L’accesso civico generalizzato non può essere utilizzato per finalità esplorative o professionali, estranee al controllo sull’attività amministrativa: il suo esercizio deve rispettare i principi di buona fede, proporzionalità e trasparenza. La sentenza TAR Lombardia-Brescia (Sez. I), 24 marzo 2025, n. 243 ribadisce che le Pubbliche Amministrazioni non sono tenute a elaborare dati non già formati né a soddisfare richieste strumentali, ponendo un limite giurisprudenziale all’uso distorto del FOIA a fini contenziosi.
Indice
Contesto del caso
Il Tribunale Amministrativo Regionale si è pronunciato su otto ricorsi riuniti, proposti dall’assistito di una società fra avvocati, contro altrettanti enti gestori di RSA lombarde.

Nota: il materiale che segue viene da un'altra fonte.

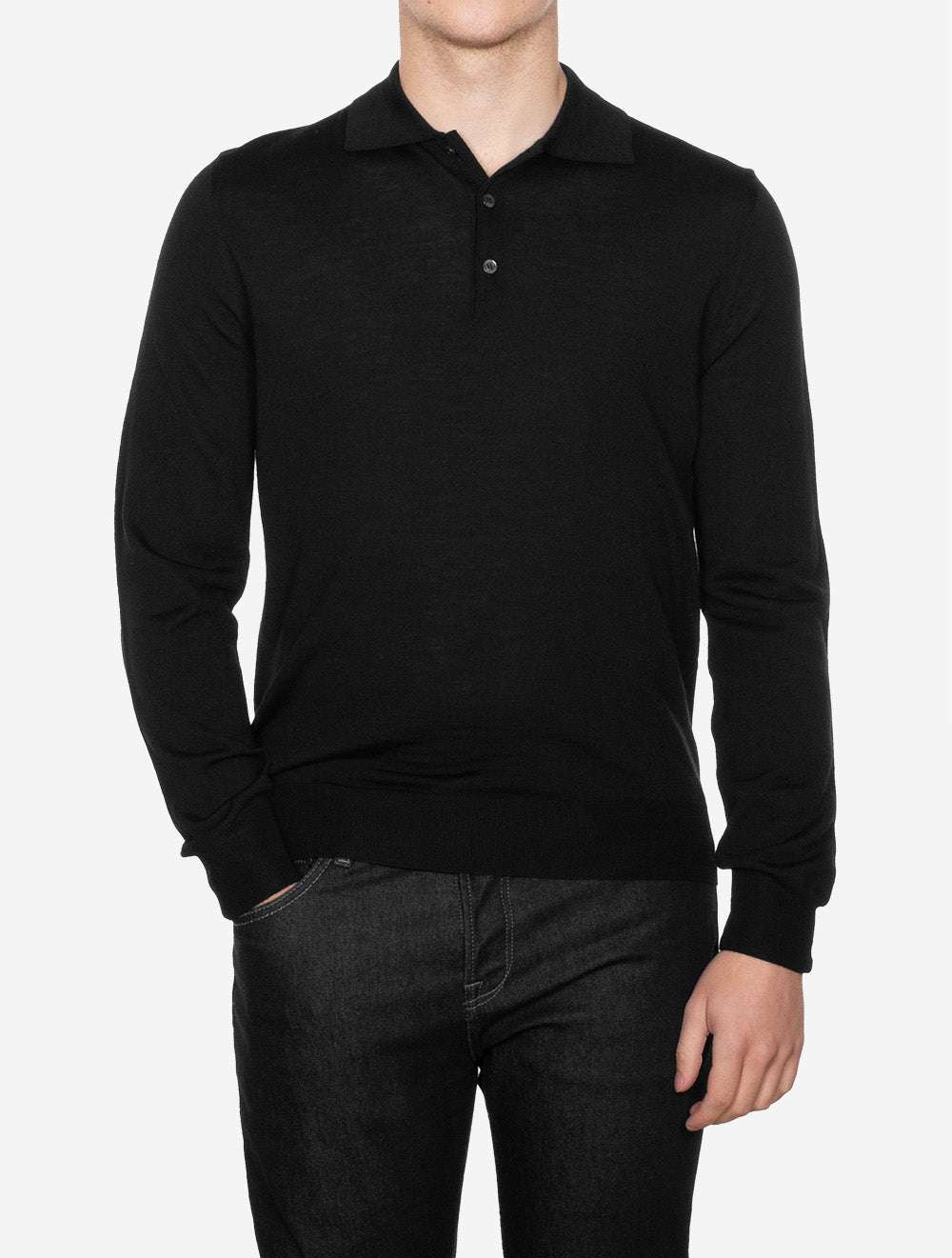 Canali Long Sleeve Polo Knit Black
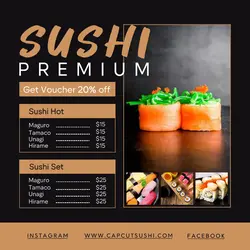 Premium Sushi sales promotion Instagram post black gold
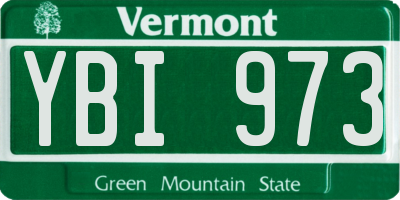 VT license plate YBI973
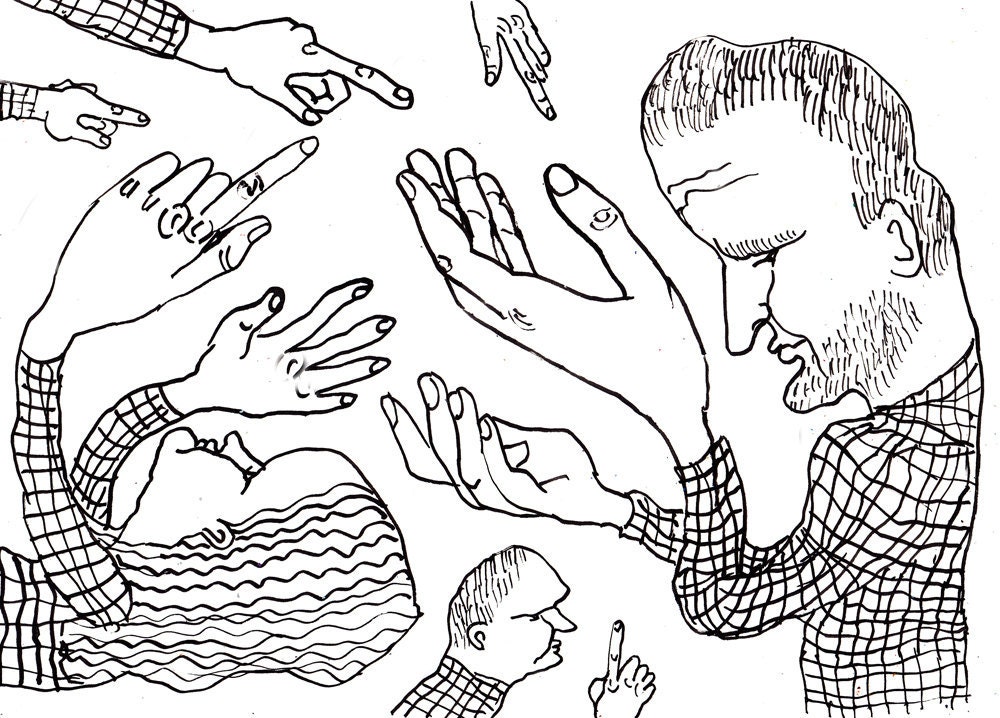 It's your fault / ORIGINAL DRAWING / Black and white / Philosophy / Hands / Composition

Le domande erano identiche e vertevano sull’accesso civico generalizzato a dati inerenti ai contagi da SARS-CoV-2 e ai protocolli sanitari adottati negli anni 2020-2023.
Il ricorrente aveva avanzato istanze di accesso ai sensi dell’art. 5, comma 2 del d.lgs. n. 33/2013, ricevendo dinieghi da tutti gli enti, che motivavano il rigetto sull’assenza di un interesse pubblico concreto e sull’inammissibilità delle richieste per eccessiva genericità e onerosità.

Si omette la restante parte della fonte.